-- SUPPLIED MATERIAL follows --

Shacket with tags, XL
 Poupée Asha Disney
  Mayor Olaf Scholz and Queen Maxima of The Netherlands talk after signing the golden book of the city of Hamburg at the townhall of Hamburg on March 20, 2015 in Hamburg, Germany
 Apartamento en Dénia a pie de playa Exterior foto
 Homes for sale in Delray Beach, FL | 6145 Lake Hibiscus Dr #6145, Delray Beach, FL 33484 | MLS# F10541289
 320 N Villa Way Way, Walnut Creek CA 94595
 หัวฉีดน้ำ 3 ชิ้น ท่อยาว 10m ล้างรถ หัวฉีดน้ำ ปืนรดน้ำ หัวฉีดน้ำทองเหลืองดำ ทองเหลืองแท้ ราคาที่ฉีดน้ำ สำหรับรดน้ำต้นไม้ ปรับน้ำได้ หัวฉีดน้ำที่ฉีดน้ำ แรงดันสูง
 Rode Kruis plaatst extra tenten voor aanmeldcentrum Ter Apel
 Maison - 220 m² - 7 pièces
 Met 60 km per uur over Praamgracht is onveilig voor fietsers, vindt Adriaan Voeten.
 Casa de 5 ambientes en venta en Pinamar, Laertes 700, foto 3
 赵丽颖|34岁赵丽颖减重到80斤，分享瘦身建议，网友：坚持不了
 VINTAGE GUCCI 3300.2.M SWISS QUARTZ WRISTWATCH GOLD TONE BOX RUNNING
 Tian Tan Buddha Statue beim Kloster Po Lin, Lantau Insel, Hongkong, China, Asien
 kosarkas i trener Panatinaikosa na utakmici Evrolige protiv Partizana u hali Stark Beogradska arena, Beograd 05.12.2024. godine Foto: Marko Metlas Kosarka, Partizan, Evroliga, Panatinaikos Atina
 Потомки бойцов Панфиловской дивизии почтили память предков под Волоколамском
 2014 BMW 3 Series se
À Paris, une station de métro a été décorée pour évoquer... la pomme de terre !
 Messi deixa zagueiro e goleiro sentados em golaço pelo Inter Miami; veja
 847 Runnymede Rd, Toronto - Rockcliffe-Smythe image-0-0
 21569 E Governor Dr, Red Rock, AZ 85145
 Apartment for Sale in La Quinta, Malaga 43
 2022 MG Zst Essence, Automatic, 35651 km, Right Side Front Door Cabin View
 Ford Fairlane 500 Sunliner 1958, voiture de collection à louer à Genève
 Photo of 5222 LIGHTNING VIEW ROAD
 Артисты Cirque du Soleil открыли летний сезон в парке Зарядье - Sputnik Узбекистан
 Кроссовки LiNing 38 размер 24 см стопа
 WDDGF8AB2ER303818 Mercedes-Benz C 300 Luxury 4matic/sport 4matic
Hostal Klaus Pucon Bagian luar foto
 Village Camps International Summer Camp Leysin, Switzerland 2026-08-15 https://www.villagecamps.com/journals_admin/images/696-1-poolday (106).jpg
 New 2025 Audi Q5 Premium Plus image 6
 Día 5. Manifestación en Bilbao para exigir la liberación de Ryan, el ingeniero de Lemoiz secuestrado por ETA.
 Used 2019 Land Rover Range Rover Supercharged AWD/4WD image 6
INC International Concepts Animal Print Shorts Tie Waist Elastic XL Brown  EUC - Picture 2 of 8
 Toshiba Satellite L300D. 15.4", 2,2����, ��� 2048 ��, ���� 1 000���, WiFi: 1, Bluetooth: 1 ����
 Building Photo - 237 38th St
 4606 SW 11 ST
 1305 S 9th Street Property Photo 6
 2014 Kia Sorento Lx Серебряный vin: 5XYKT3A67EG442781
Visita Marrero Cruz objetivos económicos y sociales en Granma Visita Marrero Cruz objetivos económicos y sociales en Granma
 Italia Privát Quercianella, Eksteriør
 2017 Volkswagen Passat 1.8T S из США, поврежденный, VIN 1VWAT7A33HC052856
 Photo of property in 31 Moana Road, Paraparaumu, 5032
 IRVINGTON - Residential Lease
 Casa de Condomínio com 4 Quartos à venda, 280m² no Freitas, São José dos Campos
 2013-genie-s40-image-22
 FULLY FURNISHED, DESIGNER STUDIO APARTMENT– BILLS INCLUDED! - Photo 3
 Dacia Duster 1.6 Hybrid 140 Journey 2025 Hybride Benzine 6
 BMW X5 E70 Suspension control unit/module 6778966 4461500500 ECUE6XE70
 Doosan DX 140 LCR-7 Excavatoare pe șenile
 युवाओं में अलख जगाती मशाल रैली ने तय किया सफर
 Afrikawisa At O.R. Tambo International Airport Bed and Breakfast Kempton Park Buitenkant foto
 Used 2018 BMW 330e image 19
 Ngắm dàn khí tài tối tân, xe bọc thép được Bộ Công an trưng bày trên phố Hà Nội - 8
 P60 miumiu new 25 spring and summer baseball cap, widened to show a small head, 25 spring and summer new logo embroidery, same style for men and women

-- SUPPLIED MATERIAL concluded --

WHAT TO PRODUCE
In the records above, each line with the string "Photo" should be copied.

TASK RESPONSE
 Photo of 5222 LIGHTNING VIEW ROAD
 Building Photo - 237 38th St
 1305 S 9th Street Property Photo 6
 Photo of property in 31 Moana Road, Paraparaumu, 5032
 FULLY FURNISHED, DESIGNER STUDIO APARTMENT– BILLS INCLUDED! - Photo 3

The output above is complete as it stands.